# My birds



## charliechapman911 (Aug 21, 2012)

I have 3 RIR 2 bantams and 2 new barnavelders what birds do you have? Thanks


----------



## annlouise (Jul 29, 2012)

i have a white sussex a Columbian blacktail a Columbine (lays green eggs) and a coucou maran oh and 6 bundles of fluff x


----------



## earlyt89 (Aug 2, 2012)

Rhode Island reds, Black sex links, gold Buffs, New Hampshire Reds, Americaunas, white leghorns, Black copper Marans, Welsummers, American grey gamefowl, Asian black gamefowl, and Turkish Maylay gamefowl, and one Cornish hen


----------



## cogburn (Jul 16, 2012)

4 Rhode Island Reds-1 White, 3 Anacaunas, 2 Red Cochin Bantys, all 10 Layin Hens. 10 Dominecker Bantys, 5 Black Marans, 5 Black Cochin Bantys, 10 American Game, 10 Old English Game, 18 Serama (Worlds Smallest Chicken) from Malaysia.


----------



## earlyt89 (Aug 2, 2012)

Shoot cogburn ur like me.
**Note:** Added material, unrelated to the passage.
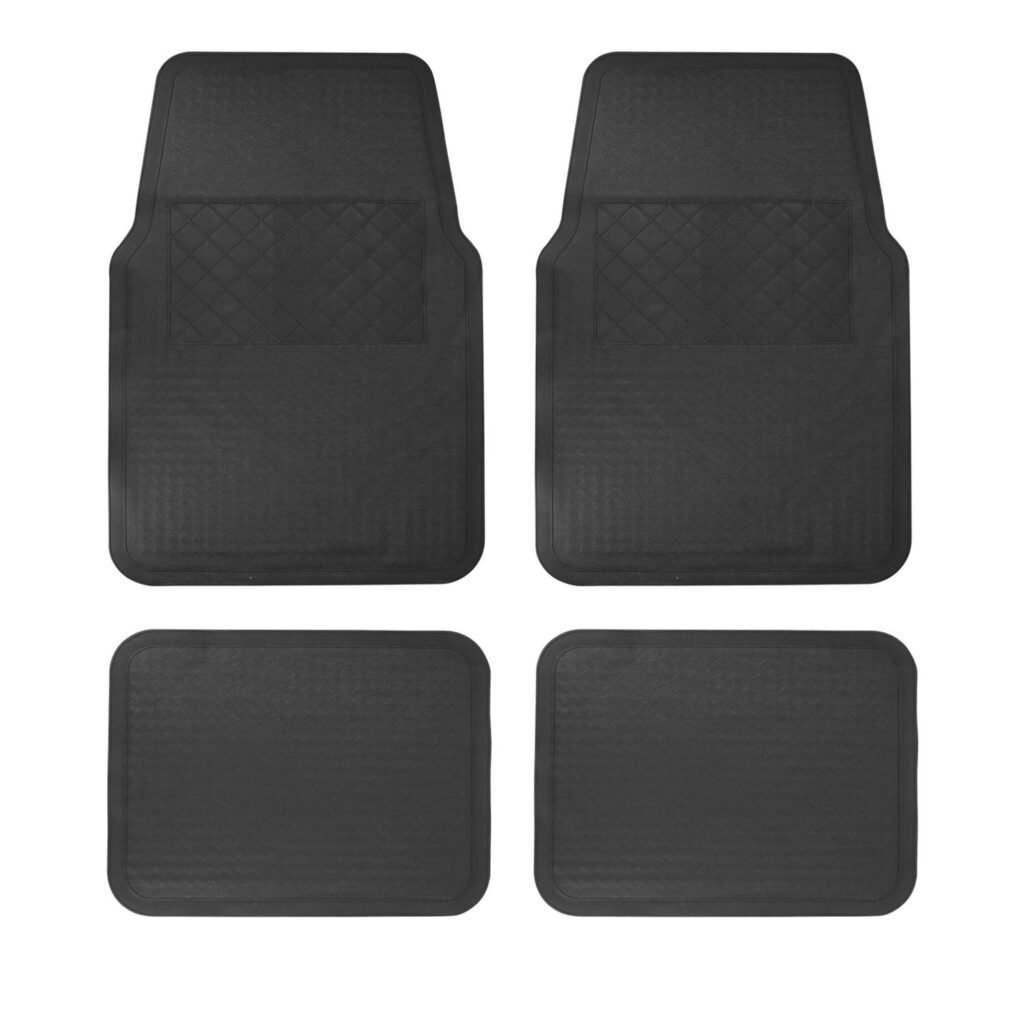 Juego de tapetes para auto, 4 piezas, color negro Foy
A lil of everything I got 34 chickens total. They're all different


----------



## Roslyn (Jun 21, 2012)

Right now I have Auraconas, Rhode Island Reds, Barred Rocks that look like Leghorns and two old lady Rocks, one Barred and one Partridge, oh, and two Delaware Roosters, they are my Sons of Pepper!!


----------



## TinyHouse (Aug 31, 2012)

Can I just say that I am really jealous of all of you who have dozens of chickens of all different kinds? 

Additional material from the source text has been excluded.